I'd like the entries repeated exactly, without their pictures.

(Collected data)
────────────────────────────────────────
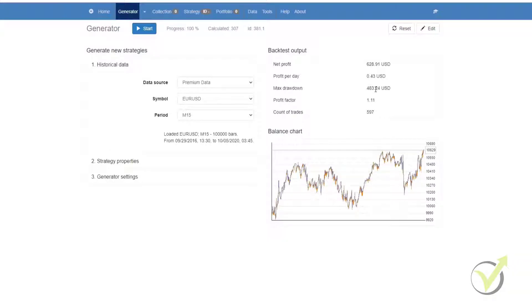In this video, we will be discussing the generator, which is the tool that we use for generating trading strategies.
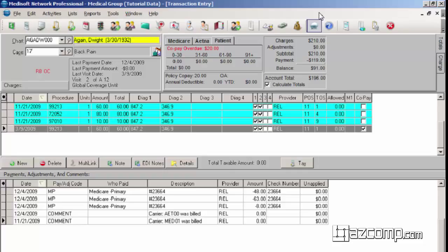A co-payment is a patient responsible amount designated by the insurance for specific procedures. Keep in mind some procedures will be covered a hundred percent and some procedures will require the co-payment.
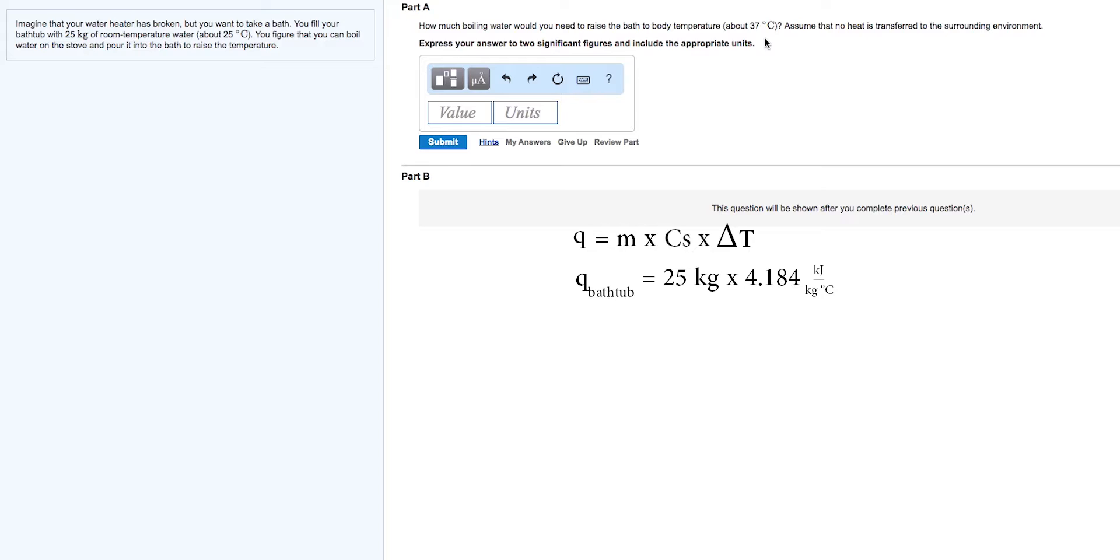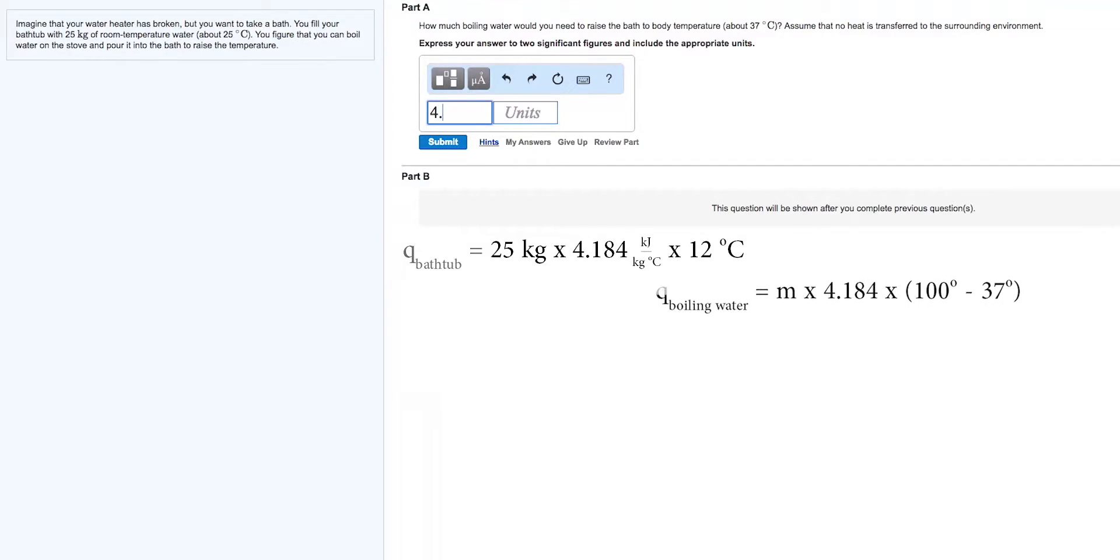the change in temperature is 12 degrees. The energy of the boiling water is an unknown mass times the heat capacity of water times 100 degrees minus 37 degrees. When you add the two bodies of water, their energies become equal.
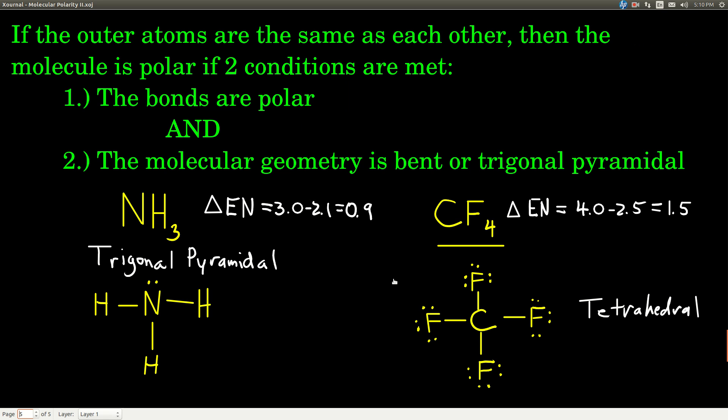If the outer atoms are the same as each other, then two conditions must both be true for the molecule to be polar. First, the bonds must be polar — difference in electronegativity greater than 0.4. Second, the molecular geometry must be one of the two non-symmetric shapes: bent or trigonal pyramidal. The three symmetric shapes are linear, trigonal planar, and tetrahedral.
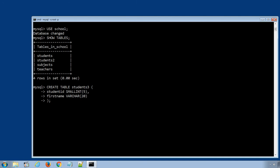Press enter to execute the SQL statement and we get query ok, zero rows affected message.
────────────────────────────────────────
Solution for this problem:
In this video, we will be discussing the generator, which is the tool that we use for generating trading strategies.
A co-payment is a patient responsible amount designated by the insurance for specific procedures. Keep in mind some procedures will be covered a hundred percent and some procedures will require the co-payment.
the change in temperature is 12 degrees. The energy of the boiling water is an unknown mass times the heat capacity of water times 100 degrees minus 37 degrees. When you add the two bodies of water, their energies become equal.
If the outer atoms are the same as each other, then two conditions must both be true for the molecule to be polar. First, the bonds must be polar — difference in electronegativity greater than 0.4. Second, the molecular geometry must be one of the two non-symmetric shapes: bent or trigonal pyramidal. The three symmetric shapes are linear, trigonal planar, and tetrahedral.
Press enter to execute the SQL statement and we get query ok, zero rows affected message.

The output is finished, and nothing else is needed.